View and submit LLM evaluations
Calculate memory needed to train AI models
GIFT-Eval: A Benchmark for General Time Series Forecasting
Run benchmarks on prediction models
Request model evaluation on COCO val 2017 dataset
Display genomic embedding leaderboard
Display model benchmark results
View NSQL Scores for Models
Pergel: A Unified Benchmark for Evaluating Turkish LLMs
Browse and filter ML model leaderboard data
Calculate VRAM requirements for LLM models
Submit deepfake detection models for evaluation
Evaluate AI-generated results for accuracy
Hallucinations Leaderboard is a platform designed for benchmarking and evaluating large language models (LLMs).
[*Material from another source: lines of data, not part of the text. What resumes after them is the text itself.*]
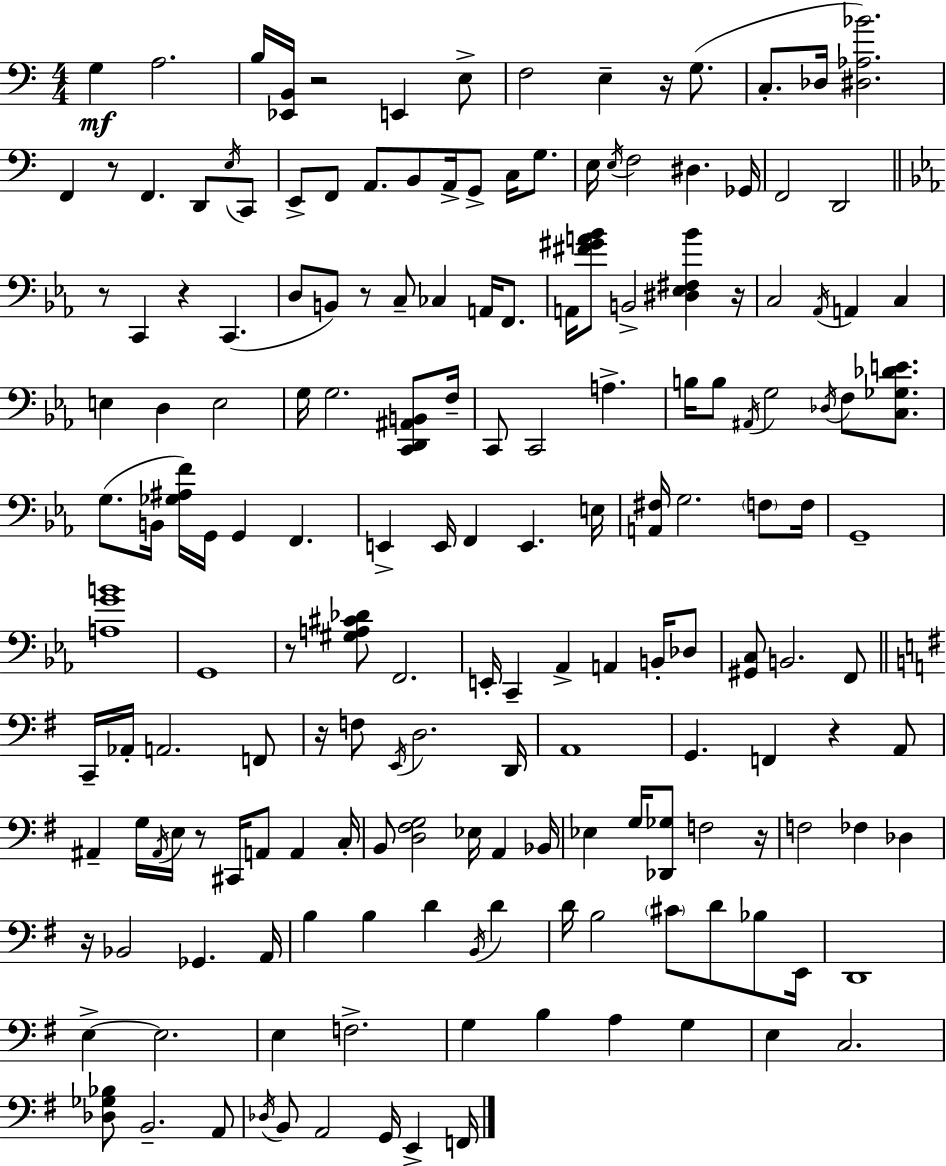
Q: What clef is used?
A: bass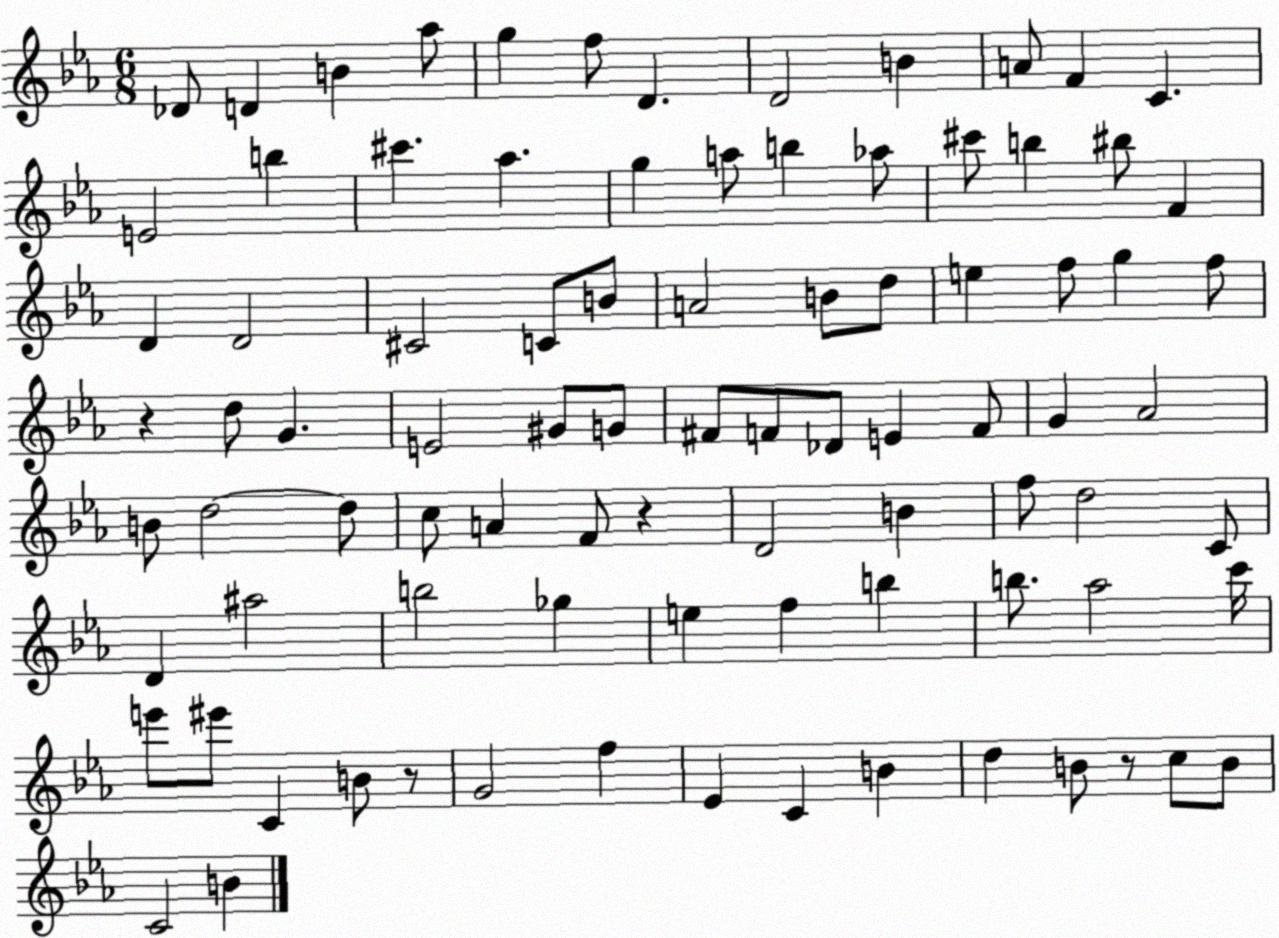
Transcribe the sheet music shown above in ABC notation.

X:1
T:Untitled
M:6/8
L:1/4
K:Eb
_D/2 D B _a/2 g f/2 D D2 B A/2 F C E2 b ^c' _a g a/2 b _a/2 ^c'/2 b ^b/2 F D D2 ^C2 C/2 B/2 A2 B/2 d/2 e f/2 g f/2 z d/2 G E2 ^G/2 G/2 ^F/2 F/2 _D/2 E F/2 G _A2 B/2 d2 d/2 c/2 A F/2 z D2 B f/2 d2 C/2 D ^a2 b2 _g e f b b/2 _a2 c'/4 e'/2 ^e'/2 C B/2 z/2 G2 f _E C B d B/2 z/2 c/2 B/2 C2 B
It allows users to view and submit evaluations of LLMs based on their performance in generating accurate and coherent responses. The leaderboard focuses specifically on hallucinations, which are instances where models produce incorrect or nonsensical information. This tool helps researchers and developers identify models that excel in minimizing hallucinations while maintaining high-quality outputs.
What is the purpose of the Hallucinations Leaderboard?
The purpose of the Hallucinations Leaderboard is to provide a centralized platform for evaluating and comparing large language models based on their ability to minimize hallucinations while generating high-quality outputs.
Do I need technical expertise to use the Hallucinations Leaderboard?
No, the leaderboard is designed to be user-friendly. While technical expertise may be helpful for interpreting results, the platform is accessible to anyone interested in understanding LLM performance.
Can I submit my own evaluations to the leaderboard?
Yes, the Hallucinations Leaderboard offers a submission interface for users to contribute their own evaluations. Ensure your evaluations adhere to the platform's guidelines for consistency and accuracy.